▶ _What the task asks_: Word for word, restate the lines of the listing below from the line with "Provence Solid Wood End Table" through the line with "Watercolor Artistic Flower Illustration", and do not include the pictures.

▶ _Extracted data_:
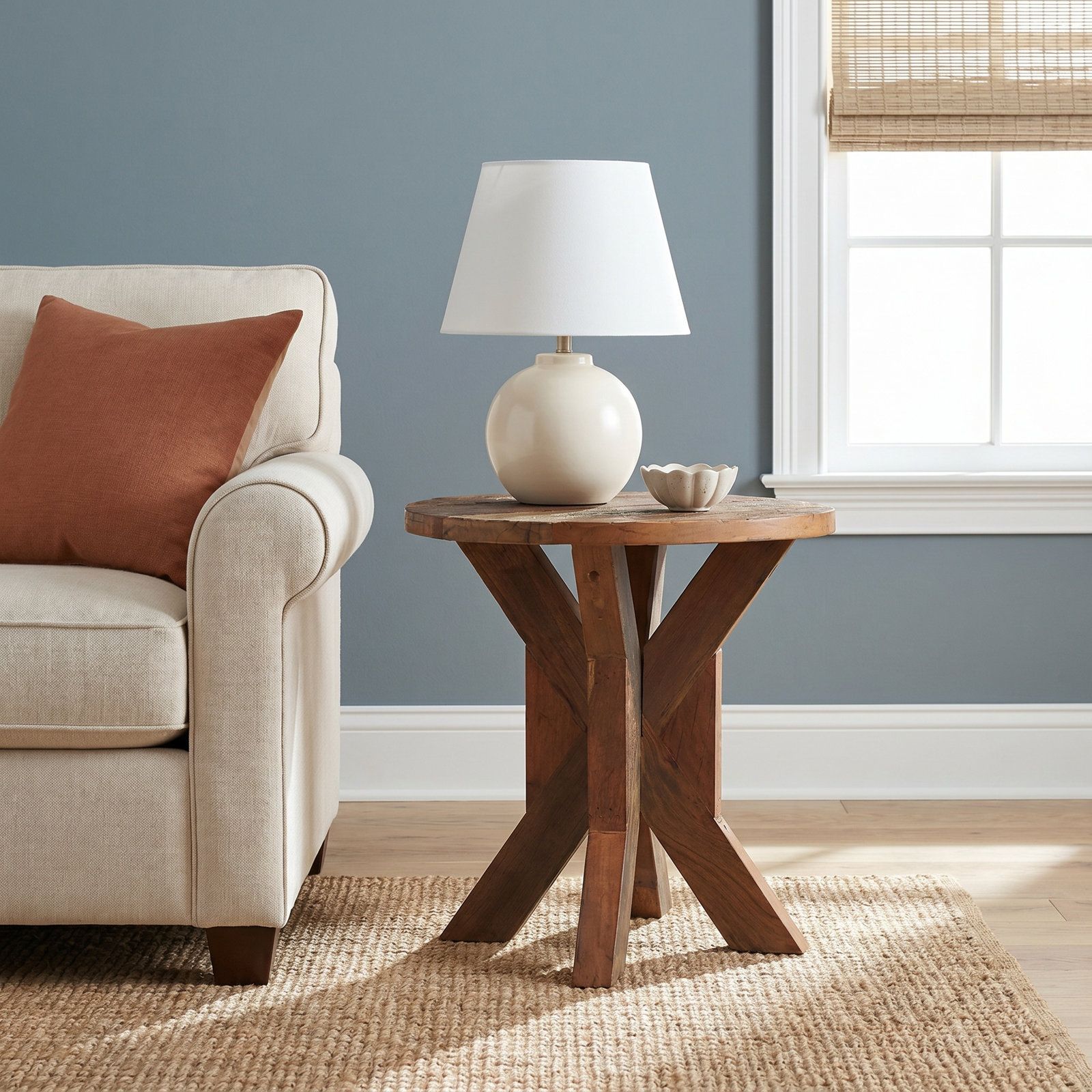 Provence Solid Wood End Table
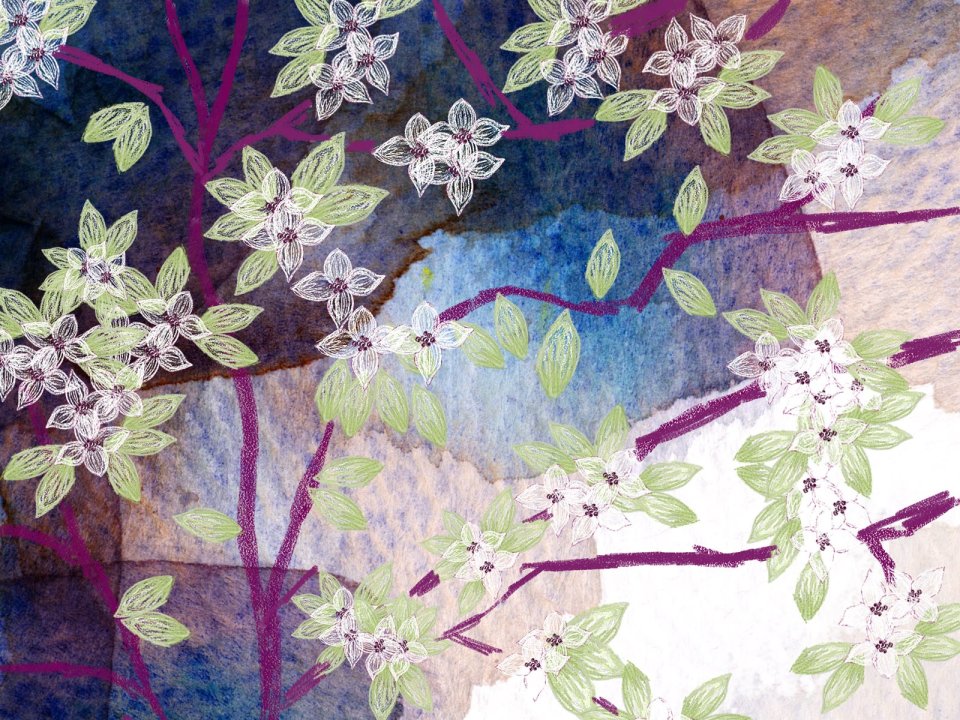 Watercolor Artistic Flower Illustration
...
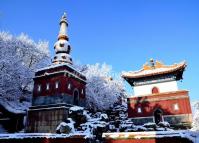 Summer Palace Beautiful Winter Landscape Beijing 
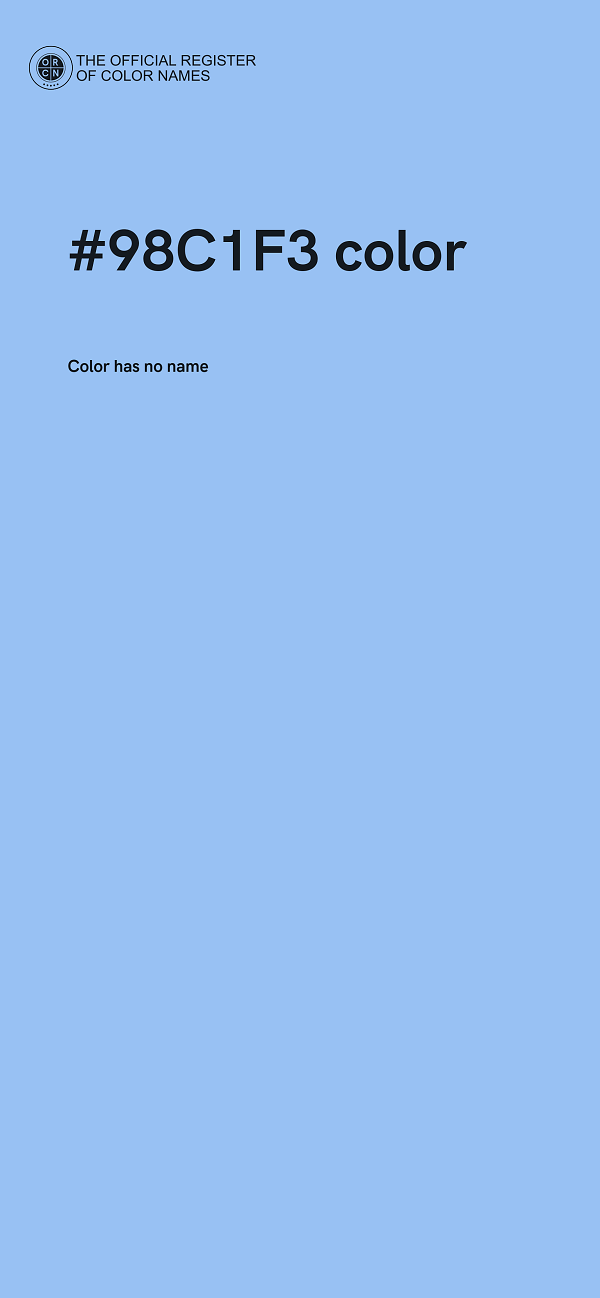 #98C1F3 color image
* * *
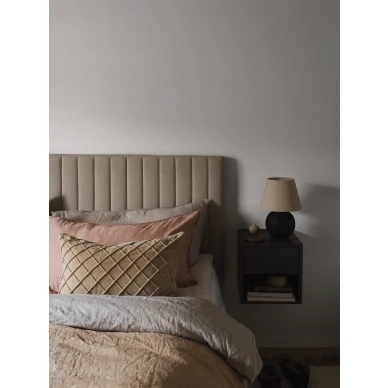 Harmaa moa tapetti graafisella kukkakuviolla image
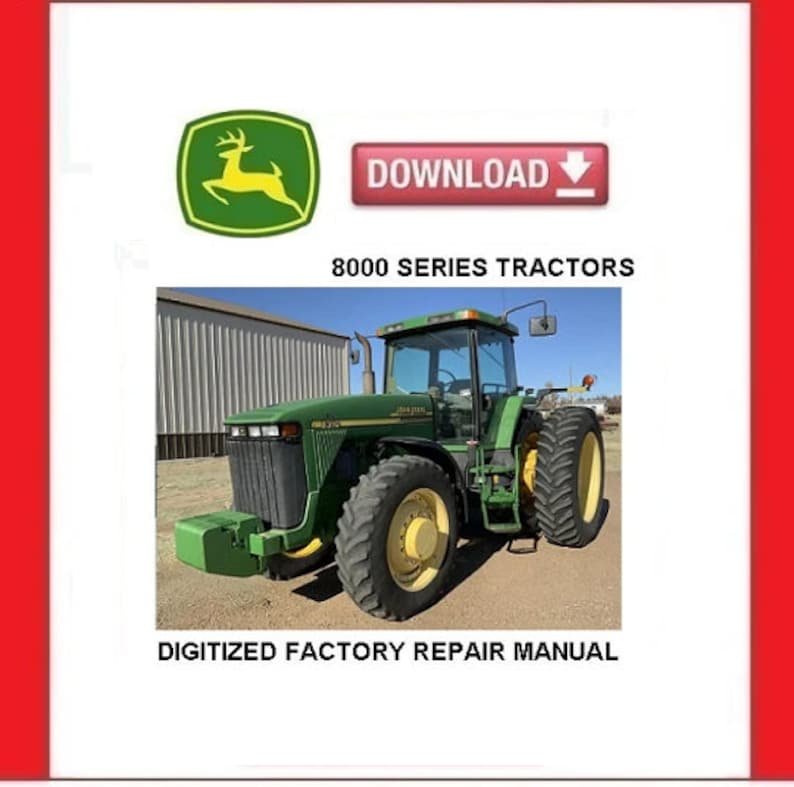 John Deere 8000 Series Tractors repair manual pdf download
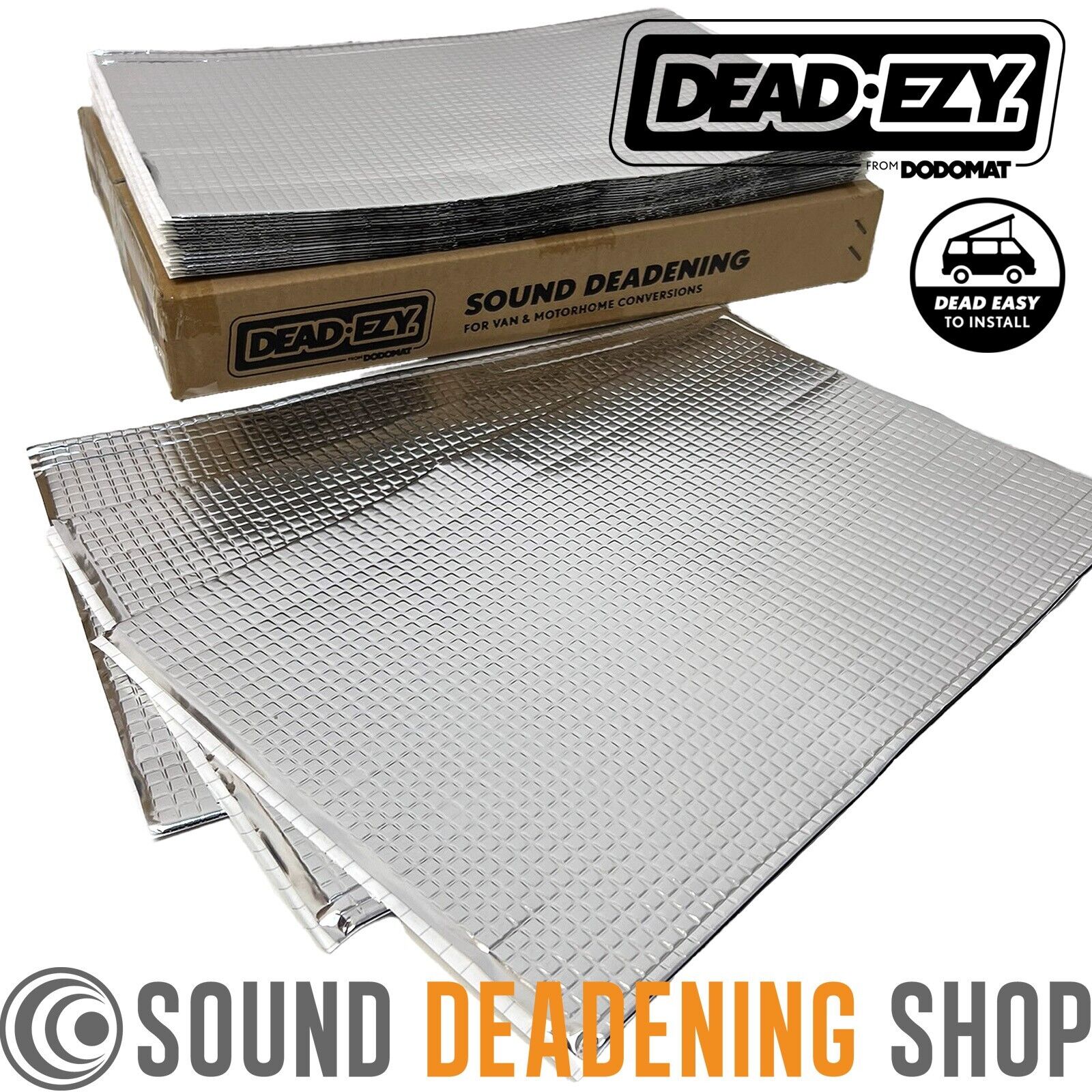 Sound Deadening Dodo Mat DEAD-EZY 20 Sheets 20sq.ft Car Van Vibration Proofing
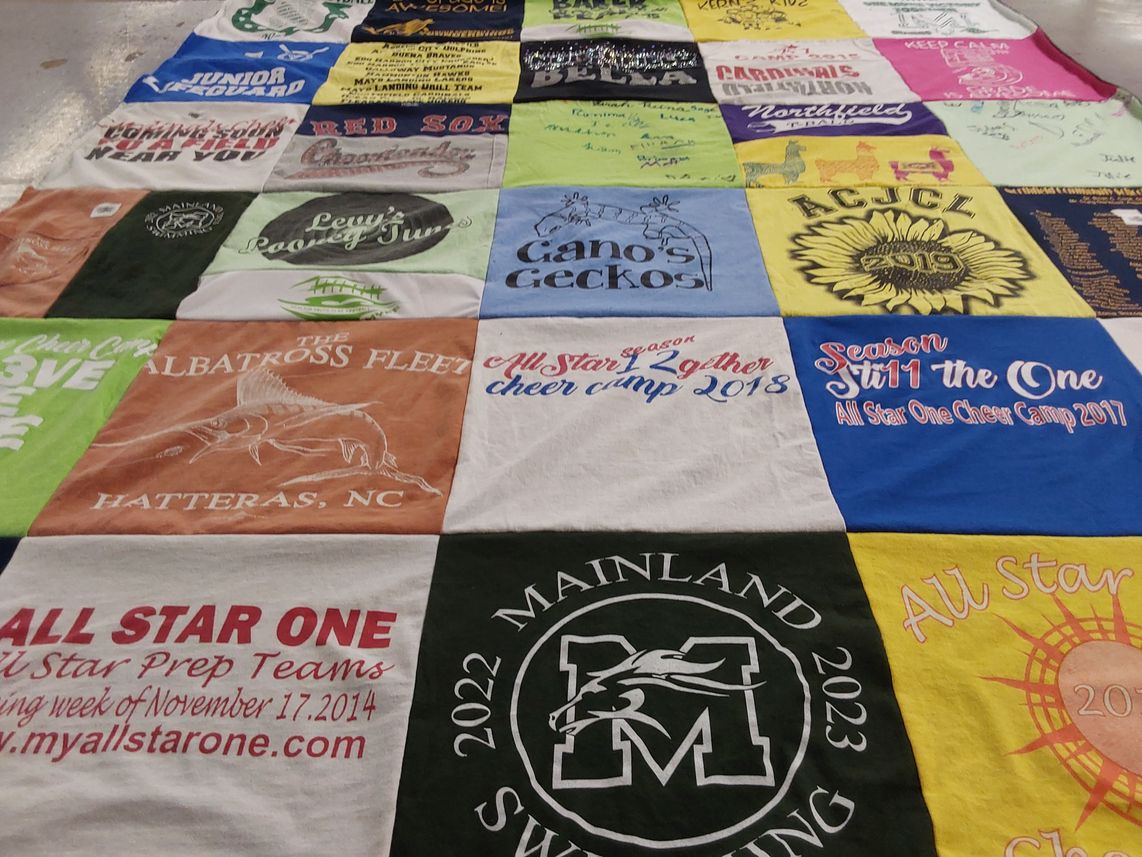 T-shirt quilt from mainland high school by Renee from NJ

▶ _Answer area_:
 Provence Solid Wood End Table
 Watercolor Artistic Flower Illustration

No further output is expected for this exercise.